Action item: Output only the lines below from the one holding "Iridium Silver Metallic" down to the one holding "Buy canvas prints", both end lines included and every picture dropped.

**** Exercise material ****

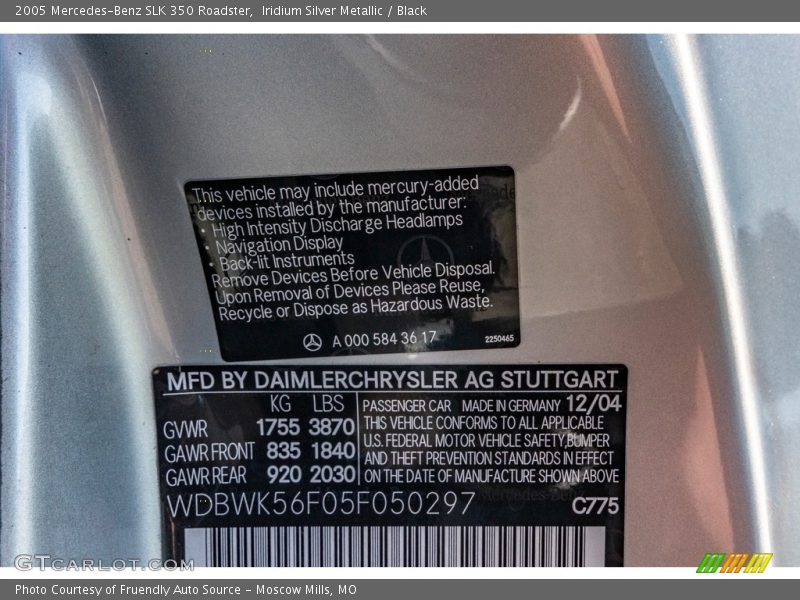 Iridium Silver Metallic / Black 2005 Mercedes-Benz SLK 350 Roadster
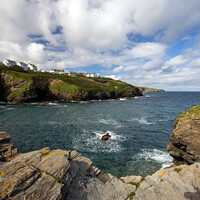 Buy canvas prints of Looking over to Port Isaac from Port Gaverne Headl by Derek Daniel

****
**** Exercise material ****

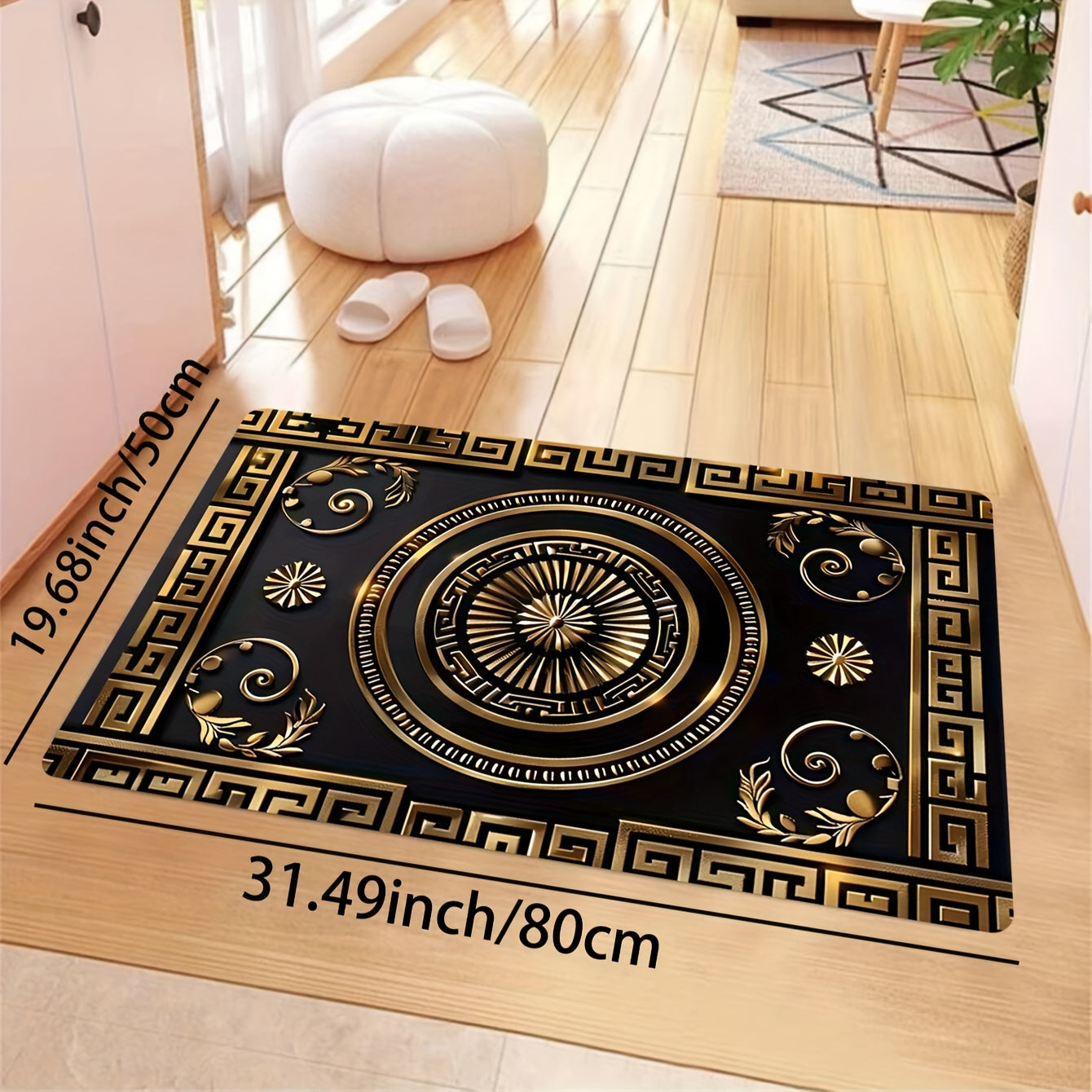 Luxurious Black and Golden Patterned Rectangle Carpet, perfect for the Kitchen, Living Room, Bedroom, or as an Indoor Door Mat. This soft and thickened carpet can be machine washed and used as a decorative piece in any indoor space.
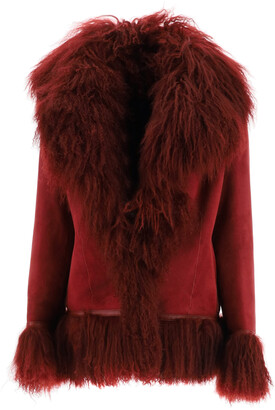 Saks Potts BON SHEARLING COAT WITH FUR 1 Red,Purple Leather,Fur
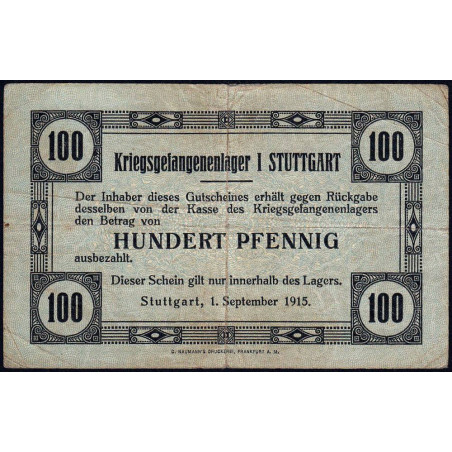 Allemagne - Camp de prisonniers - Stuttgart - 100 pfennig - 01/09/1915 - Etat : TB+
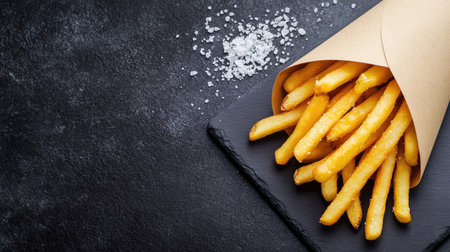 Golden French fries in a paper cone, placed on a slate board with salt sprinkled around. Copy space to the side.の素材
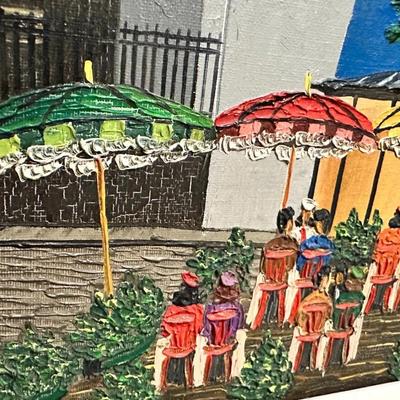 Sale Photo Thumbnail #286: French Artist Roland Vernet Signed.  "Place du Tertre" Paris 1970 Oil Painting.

****

Reply:
 Iridium Silver Metallic / Black 2005 Mercedes-Benz SLK 350 Roadster
 Buy canvas prints of Looking over to Port Isaac from Port Gaverne Headl by Derek Daniel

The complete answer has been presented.